▸ **Exercise**:
From the entries below, print exactly the span beginning with the line holding "R. keysii photo" and ending with the line holding "野菜だより2024年1月新春号", endpoints included, and skip any pictures.

Exercise material Start Marker

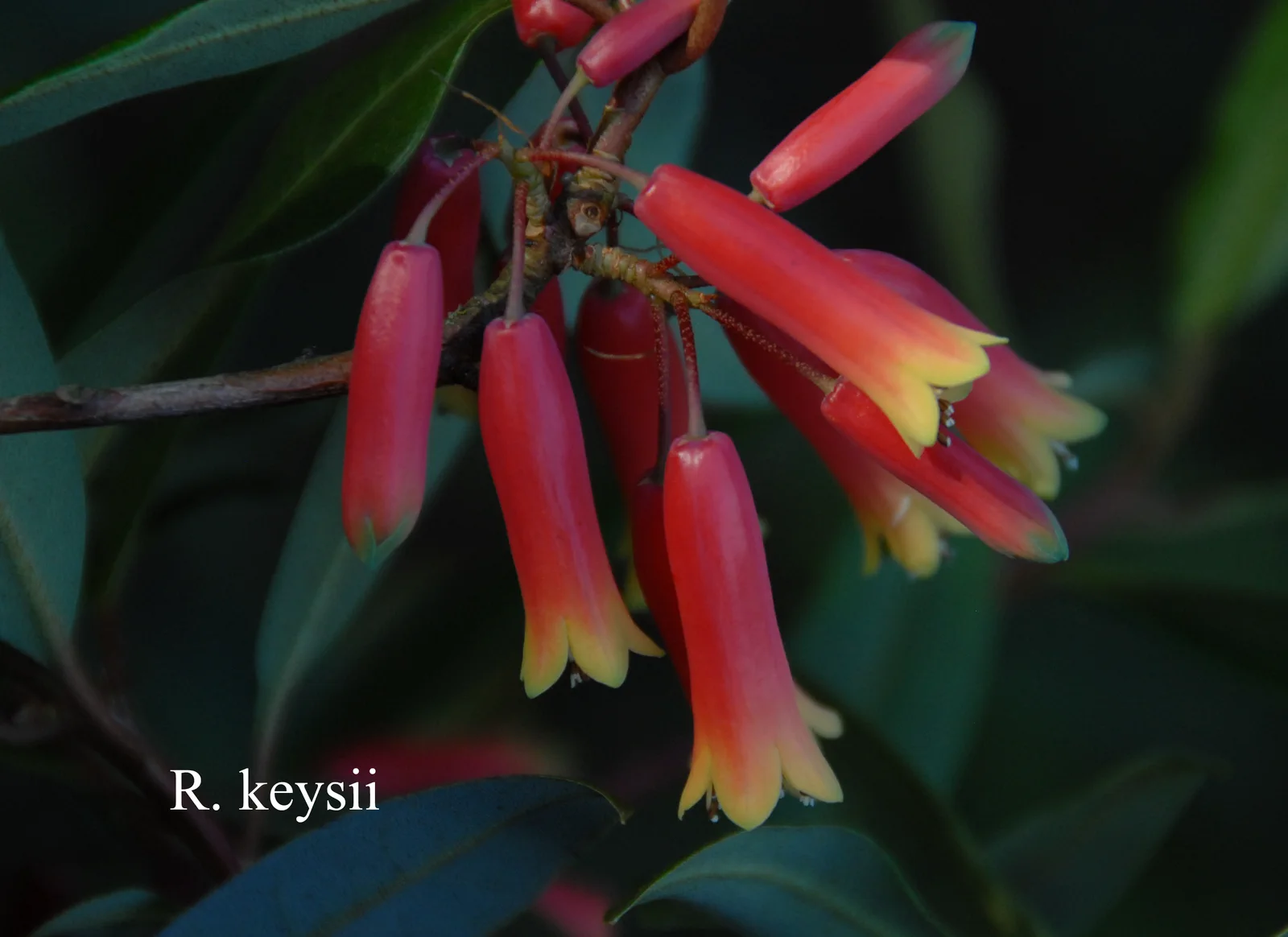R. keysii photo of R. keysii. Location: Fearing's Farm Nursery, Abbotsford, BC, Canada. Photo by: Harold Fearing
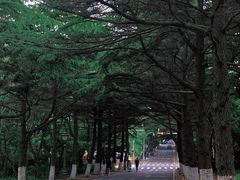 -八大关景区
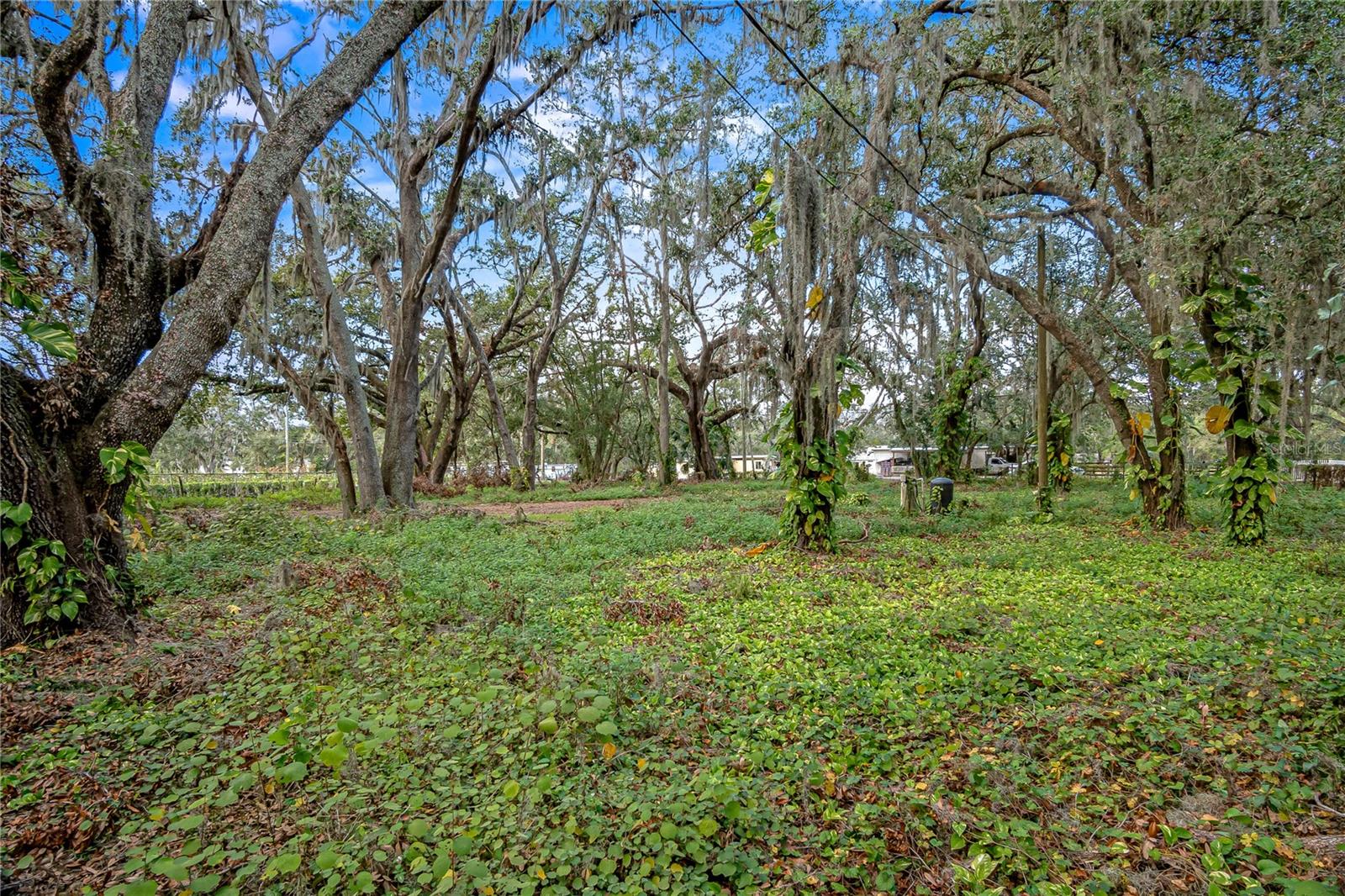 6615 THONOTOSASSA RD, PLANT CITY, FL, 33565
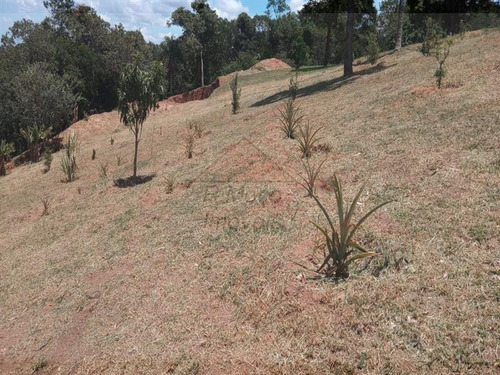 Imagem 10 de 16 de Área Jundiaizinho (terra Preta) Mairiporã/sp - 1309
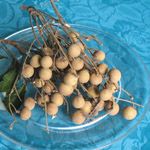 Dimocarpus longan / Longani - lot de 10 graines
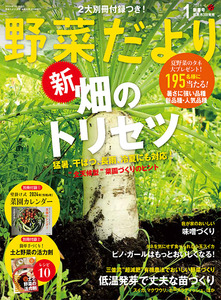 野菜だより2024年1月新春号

Exercise material End Marker
Exercise material Start Marker

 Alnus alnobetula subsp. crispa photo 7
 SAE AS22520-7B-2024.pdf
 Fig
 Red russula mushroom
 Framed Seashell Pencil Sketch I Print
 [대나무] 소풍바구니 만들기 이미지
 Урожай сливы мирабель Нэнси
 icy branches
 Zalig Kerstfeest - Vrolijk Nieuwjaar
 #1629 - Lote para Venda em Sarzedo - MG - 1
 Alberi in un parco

Exercise material End Marker
Exercise material Start Marker

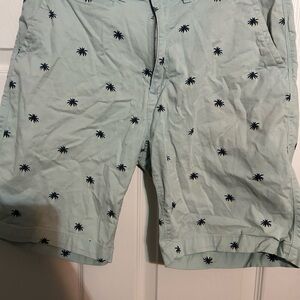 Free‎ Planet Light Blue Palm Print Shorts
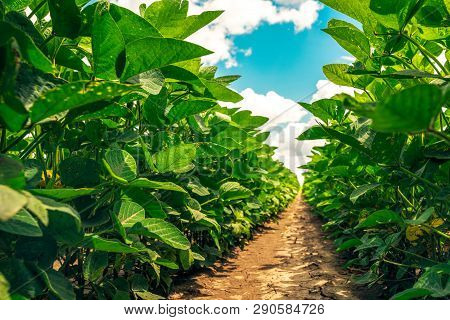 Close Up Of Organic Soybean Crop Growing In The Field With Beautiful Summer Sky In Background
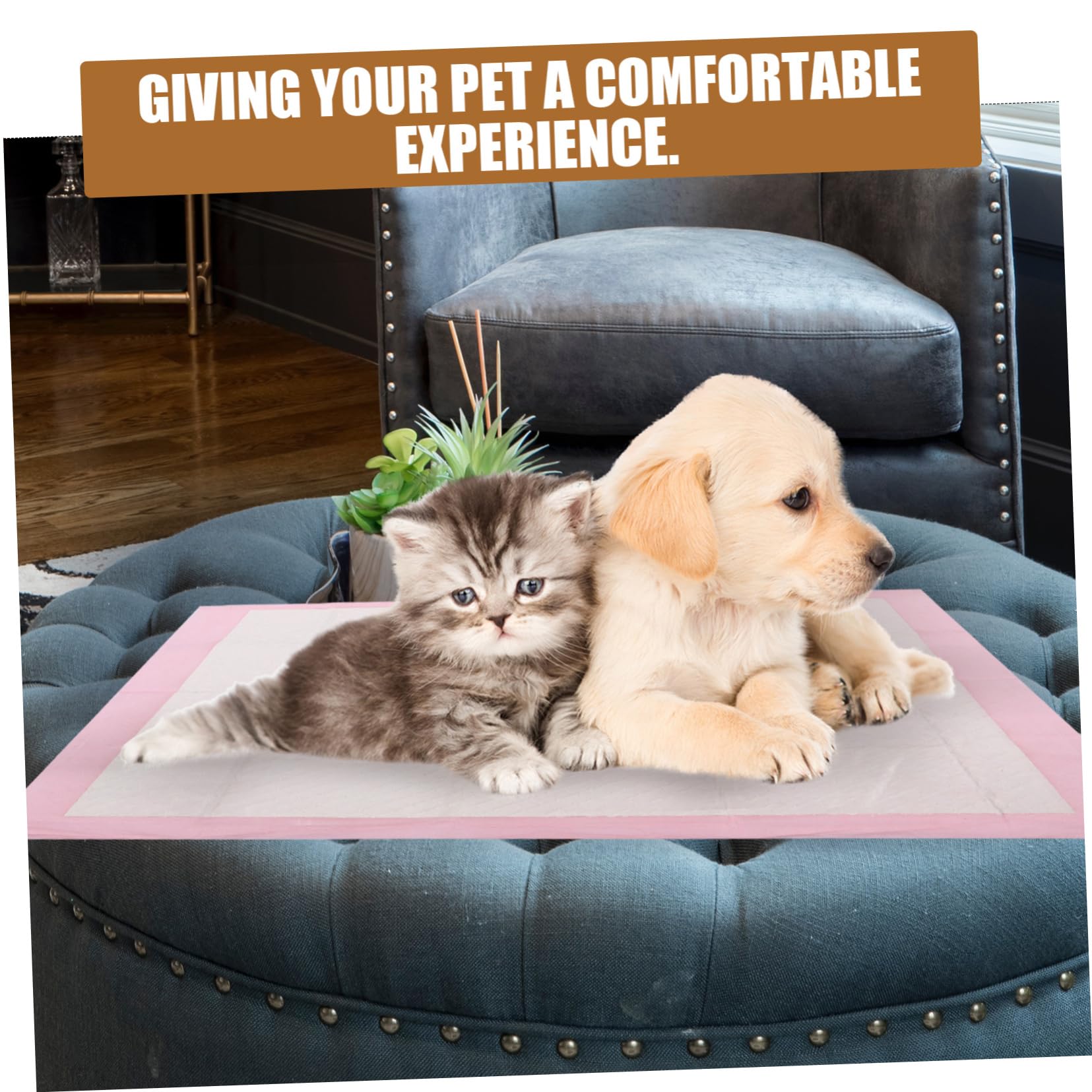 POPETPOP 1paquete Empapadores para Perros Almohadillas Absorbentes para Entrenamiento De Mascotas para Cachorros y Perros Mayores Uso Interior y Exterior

Exercise material End Marker

▸ **Response area**:
R. keysii photo of R. keysii. Location: Fearing's Farm Nursery, Abbotsford, BC, Canada. Photo by: Harold Fearing
 -八大关景区
 6615 THONOTOSASSA RD, PLANT CITY, FL, 33565
 Imagem 10 de 16 de Área Jundiaizinho (terra Preta) Mairiporã/sp - 1309
 Dimocarpus longan / Longani - lot de 10 graines
 野菜だより2024年1月新春号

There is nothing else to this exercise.